This was a most grievous drawback to the expedition, but Livingstone, as usual, made the best of it. He took his stores to Shupanga, a Portuguese village near the point where the Zambesi is joined by another fine river called the Shirt. Then by slow degrees he made his way up stream to Teté, where he had left his Makololo bearers on his former visit They were overjoyed to see him again: some of them rushed to embrace him, but others cried out, "Don't touch him; you'll spoil his new clothes." People had told them that Livingstone would never return, but the Makololo knew he would never break his word. "We trusted you," they told him, "and now we shall sleep."

Twenty miles above Teté the river broke through a chain of hills, and at this point the Asthmatic  was stopped by the Kebrabasa Rapids. The river ran swiftly down a narrow valley, with the current broken here and there by jagged rocks or smooth water-worn boulders. At this season the river was at its lowest, and Livingstone decided to explore the rapids on foot; for he thought it might yet be possible for small steamers to pass them when the river was full.

Accordingly, he and his fellow-explorer, Dr. Kirk, set out with a native guide and some of the Makololo to make the matter sure. They followed up the bed of the river as best they could, taking measurements and notes as they went.

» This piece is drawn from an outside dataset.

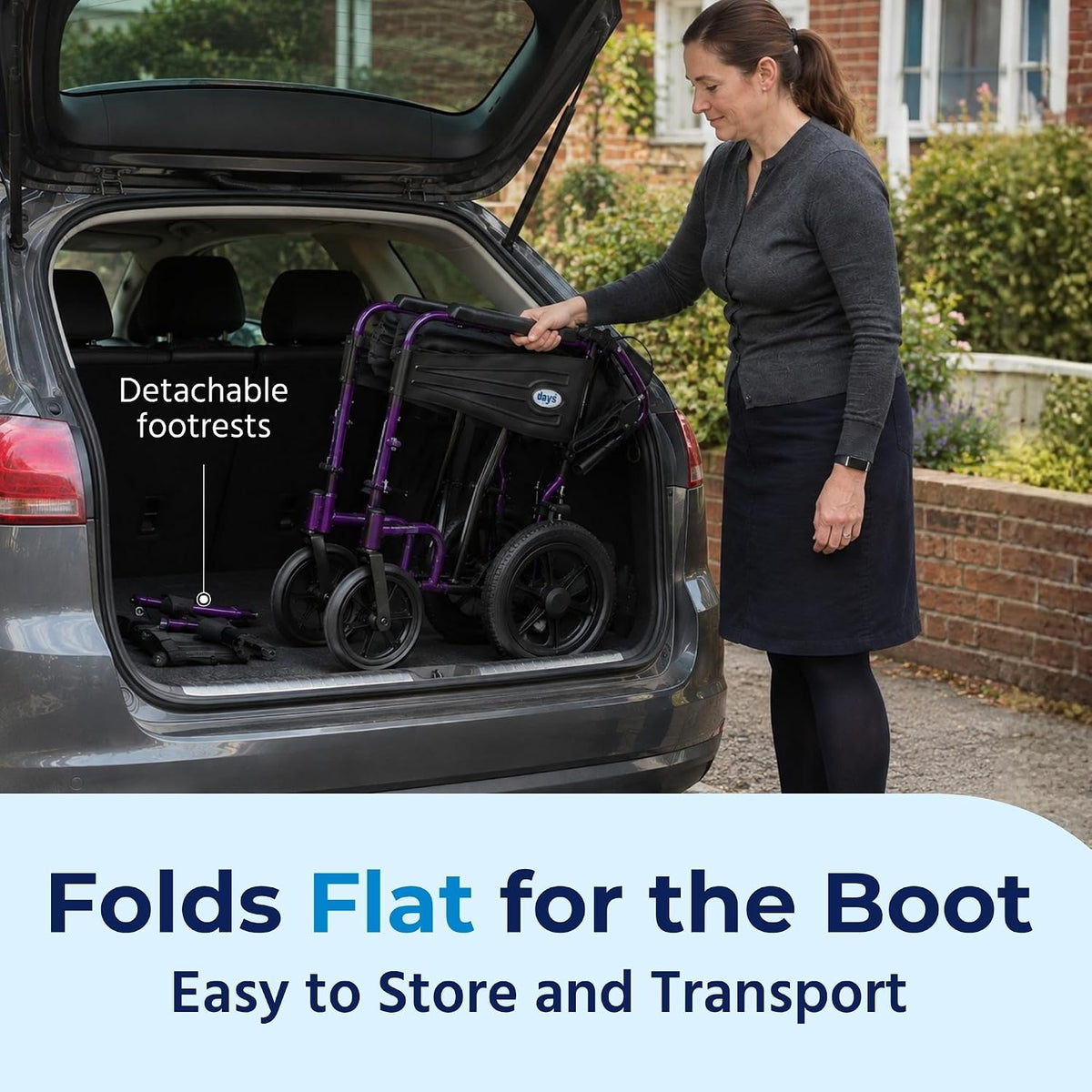 Compact Lightweight Wheelchair for Adults, Folding Wheelchair - Purple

Sometimes their way was over smooth terraces of rock, sometimes they scrambled over boulders, and once they had to wade up to their waists in spite of the risk of crocodiles. At night they slept under trees, and were lucky enough to be left alone by wild beasts, though a native across the river was killed one evening by a leopard.

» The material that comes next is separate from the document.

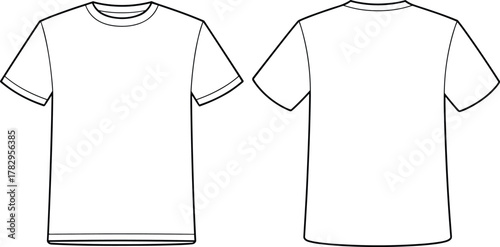 Plain crew neck t-shirt flat sketch, front and back view, short sleeve apparel template, CAD drawing, vector fashion illustration for garment design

When at last they reached the head of the rapids, their guide declared that now there was nothing but smooth water before them. Thinking their difficult task was at an end, they began to return, but that night two natives came into camp, and said there was another rapid a few miles up stream.

Taking three of the Makololo with them, Livingstone and Kirk went back again to settle the question. They found a narrow gorge, whose sides rose steeper than a gable roof from the river to the skyline, 2000 feet above them. Up this they scrambled, cutting their way through the prickly scrub, and crawling over the face of the sloping cliff. The sun struck into the gorge with such force, that the rocks reeked like heated steel; and the climbers' hands could hardly bear their grip long enough to gain firm foothold. Even the Makololo, whose naked soles were hard and tough as shoe-leather, limped with the pain of their burnt and blistered feet. They turned to Kirk, and said that Livingstone no longer had a heart, and must be stark mad to try and climb where no wild animal would go. Losing all heart, they wanted to lie down and sleep in the hollows, but Livingstone's pluck and spirit carried them through.

At last, after a scramble so steep and dangerous that they took three hours to climb one mile, the party reached a spot overhanging the rapid. Here the cliff dropped a hundred feet sheer into the stream, and rose like a wall just a short stone's-throw across it. Into this narrow pass the whole wide river was crowded, and the current sped swiftly down, broken here and there into a white fleece by a ridge of jutting rock. They saw the flood-mark, eighty feet up the opposite cliff. But Livingstone turned away in keen disappointment; for though a powerful steamer might stem the rapid at high flood, the river was useless as a waterway for most of the year.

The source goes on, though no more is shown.